Indian Premier League March 5, 2008

Why should the IPL be globally managed?

Counties don't compensate national boards for the services of players they have nurtured and trained

Some six years ago I wrote an article speculating about a world in which domestic cricket in India would be organised around commercial franchises and clubs on the football model, not the territorial principle on which the Ranji Trophy is based. With the IPL, this has (sort of) come to pass. I can't lay claim to prescience because I was dreaming of franchised first-class cricket, not a Twenty20 league.

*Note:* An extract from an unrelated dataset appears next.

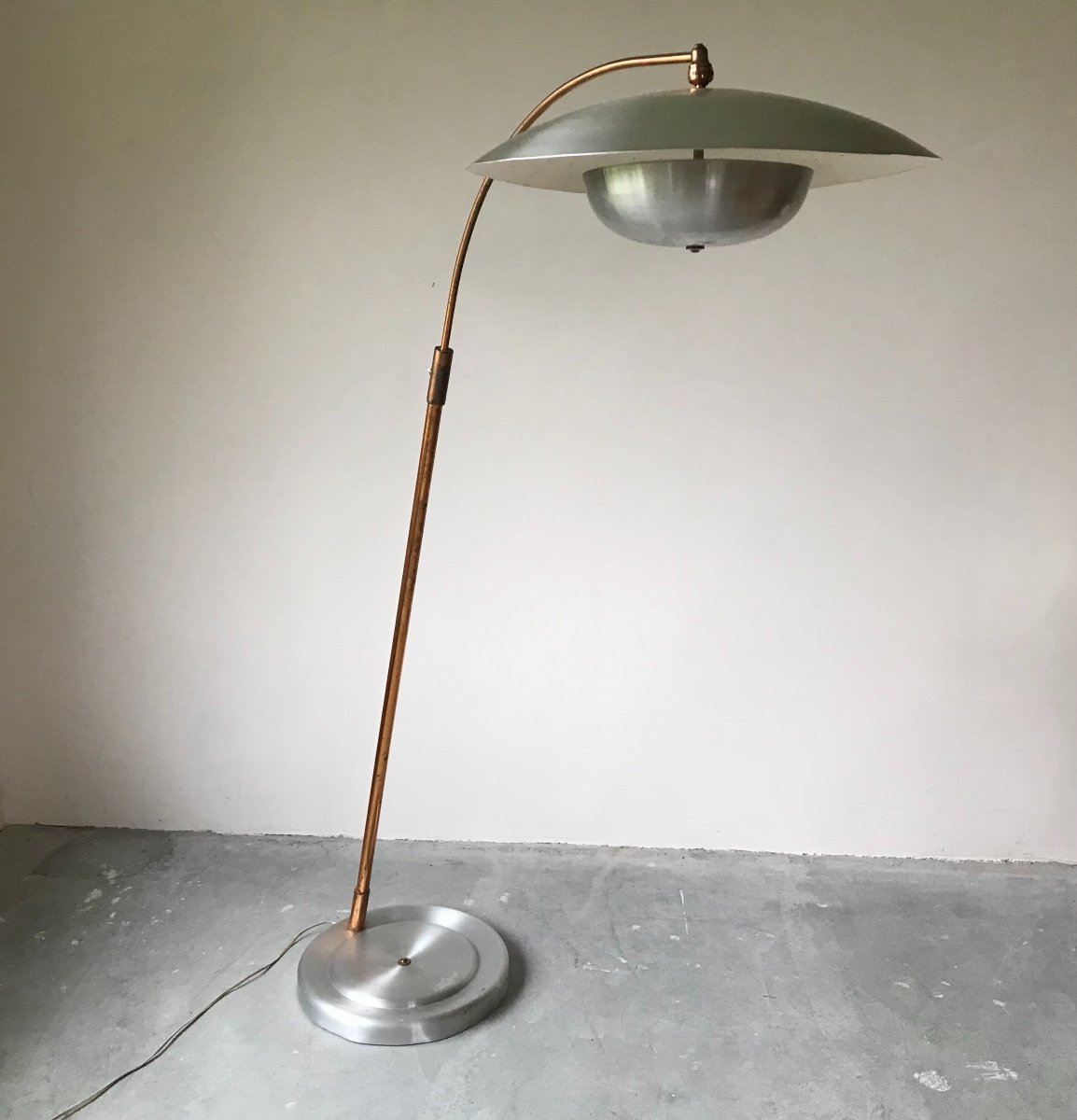 Lampadaire en aluminium brossé et cuivre, circa 1950.-photo-8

I've no idea whether the IPL will work in the long term or not and I'm as surprised as anyone at the money that's been bid for the players. But it seems like an interesting experiment that might create a following for the game at a sub-national level. I'd like Twenty20 cricket to mutate into a four-innings format, like Test cricket in miniature. It's an idea that Chris Cairns once mentioned in a discussion in a television studio. It's a feasible format because even with each side batting twice, the 80 overs would take less time to bowl than the 100 overs of one-day cricket. The sports channels would love it (more time to flash commercials in) and the limited-overs game would be invested with some of the magic of Test cricket: the thrill of another chance, the prospect of the stirring fight back, the shot at a second-innings redemption.

I can see the reasons why people are anxious about the IPL: the fact that it’ll clog up an already crowded calendar, the fear that wads of easy money might devalue Test cricket and the possible disruption of domestic cricket seasons elsewhere in the world. Also, as a middle-aged fan, I wouldn’t trust Lalit Modi and Sharad Pawar as far as I could throw an elephant when it comes to protecting the long game which, for me, defines cricket.

What I can't understand is the chorus of voices - represented on Cricinfo by Ian Chappell and David Lloyd in discussion with Sanjay Manjrekar - asking that the BCCI ought to cut other cricket boards into the money (or that the ICC ought to collect an IPL cess and distribute it among other boards) and, even more bizarrely, that the IPL ought to be jointly managed by representatives of the cricket world's national boards.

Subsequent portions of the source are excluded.